On the drive to efficiency, it's important to look in the rear-view mirror
Quocirca went to VMWorld Europe this week, as a guest of virtualisation vendor VMware. In an effort to avoid hoisting a size 15 carbon footprint into the stratosphere, the journey was undertaken on Eurostar and TGV. It’s extremely difficult to accurately account for whether the rail journey was actually greener than a flight would have been, but the 3:30am departure from home to get to St. Pancras felt awfully virtuous. Some eleven hours later and the TGV was just pulling out of Toulon with still an hour to go to Cannes. As the assigned seat faced backwards, every moment afforded plenty of opportunity to examine where we'd just been; a look backwards even as we moved ahead.
We should do the same with virtualisation – the promised land is only there if we bear in mind the issues we have had to face in what we have gone through beforehand.
Virtualisation is touted as mechanism to allow data centres to exploit the latent processing power already deployed on the floor. This is the efficiency story that justifies the technology, based upon an avoidance of purchasing hardware that you might otherwise have needed. The logic being that you already have this great pool of processing power that you're failing to exploit, so you may as well load up the servers with additional application workload. Thus, perhaps sidestepping the twin problems of power constraint and a shortfall of floorspace for new servers.
Of course, the typical data centre is chock full of servers that have spare capacity simply because we don't trust the operating systems we've been sold to adequately isolate the applications that we might otherwise have loaded onto them in the first place. Enterprise software architects have, in the past, avoided placing too many applications on one machine due to stability and security concerns, with the expectation that a crash in one will take down the entire operating system image, cascading the effects of any single problem. Architecturally, workloads have also been separated for performance reasons, and there is some evidence to suggest that this may also be helped by virtualisation.
VMware reports higher scalability and throughput for applications running on virtualised environments, though it is fair to say that virtualisation is more likely to initially be adopted to solve capacity concerns rather than being the first approach to achieve performance improvements.
Server virtualisation brings with it the promise of being able to completely isolate the various running images. In theory at least, a catastrophic failure in one image will cause no problems at all in any other image sharing the same hardware.

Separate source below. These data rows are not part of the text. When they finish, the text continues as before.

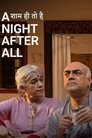A Night, After All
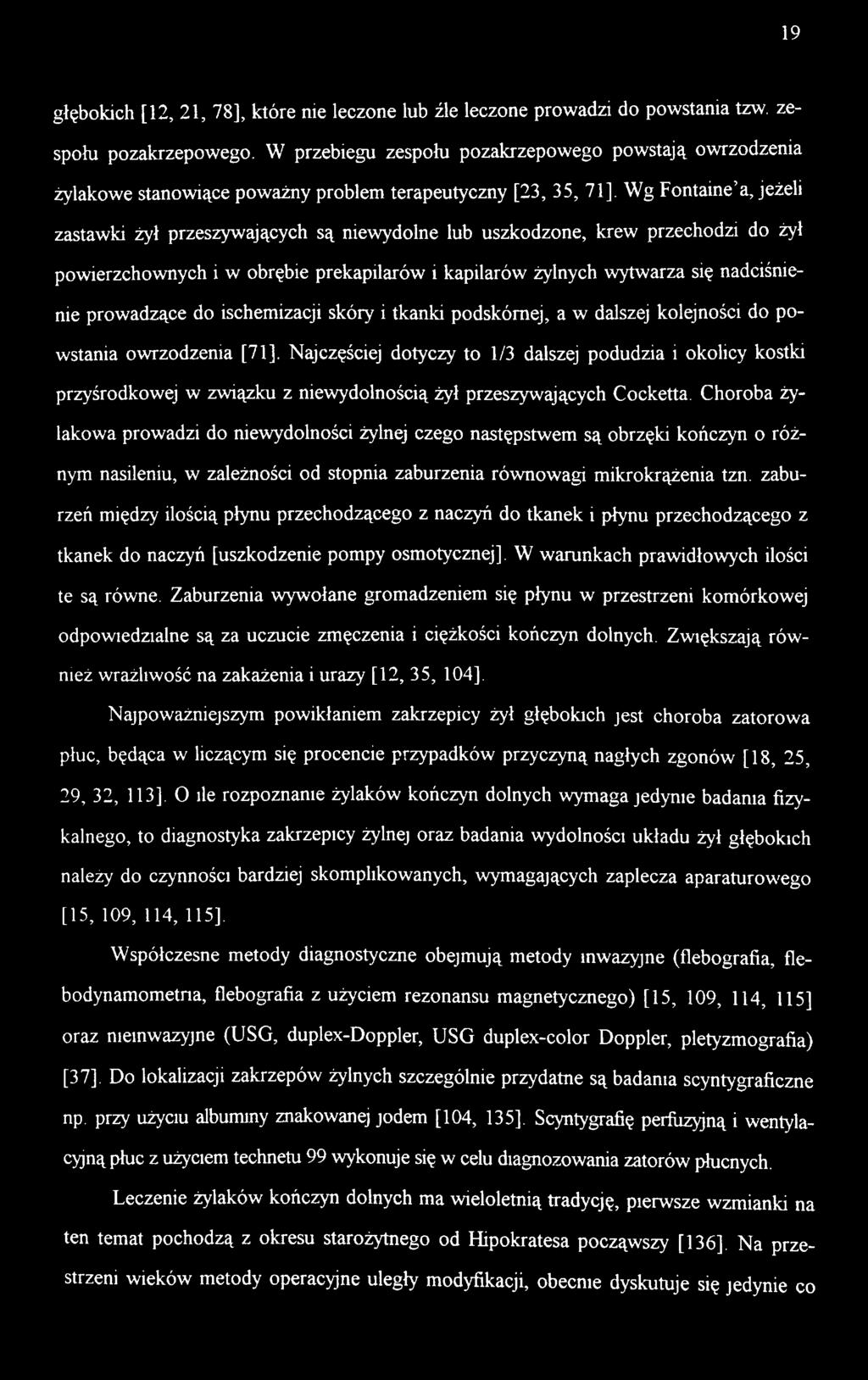 uszkodzone, krew przechodzi do żył powierzchownych i w obrębie prekapilarów i kapilarów żylnych wytwarza się nadciśnienie prowadzące do ischemizacji skóry i tkanki podskórnej, a w dalszej kolejności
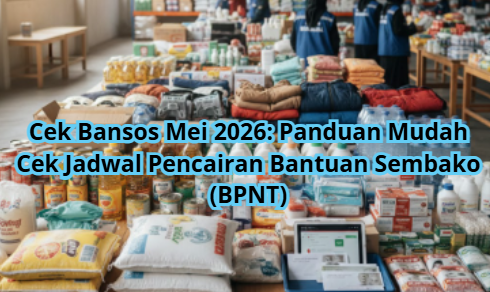 Cek Bansos Mei 2026: Panduan Mudah Cek Jadwal Pencairan Bantuan Sembako (BPNT)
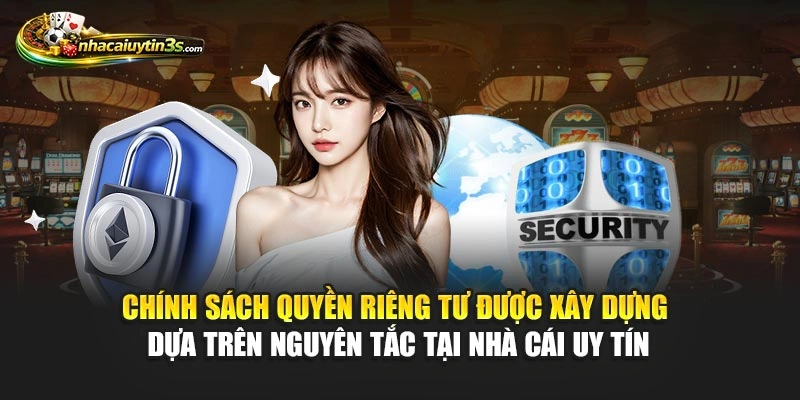 Chính sách quyền riêng tư được xây dựng dựa trên nguyên tắc tại Nhà Cái Uy Tín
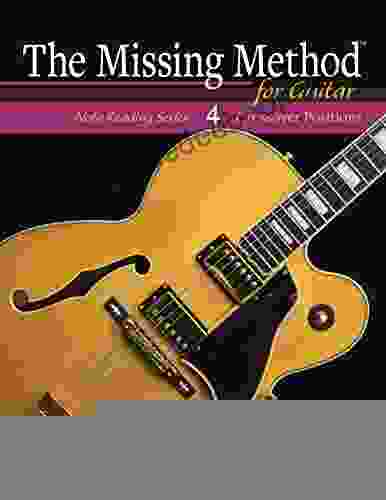 The Missing Method For Guitar 4: Master Note Reading In Crossover Positions (The Missing Method For Guitar Note Reading Series)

It is prudent however to assume that various images are not, in fact, literally impervious to the failures and compromises of another.
Serious research continues to be done, for example, concerning novel security attacks against the hypervisor itself and from there into the virtualised environments and images themselves. Such research has already found flaws in the Windows OS the hardware instruction sets supporting virtualisation, as well as the operations of the software based control layer. While currently highly technically complex, such attacks are potentially devastating due to their almost complete stealthiness. Expect further bad news on this front in the future.
Data centres also find themselves with spare processor capacity due to the need to cater for peak load capacity, combined with the simple fact that distributed computing....well it distributes. The processing power that one application might need at peak load might well be available in another server, but it might just as well be on the moon for all the good that it's doing. A well designed hypervisor apportions physical resources to each running image according to a predetermined set of control criteria: the priority assigned to an image, the time of day or another calendar function and so on.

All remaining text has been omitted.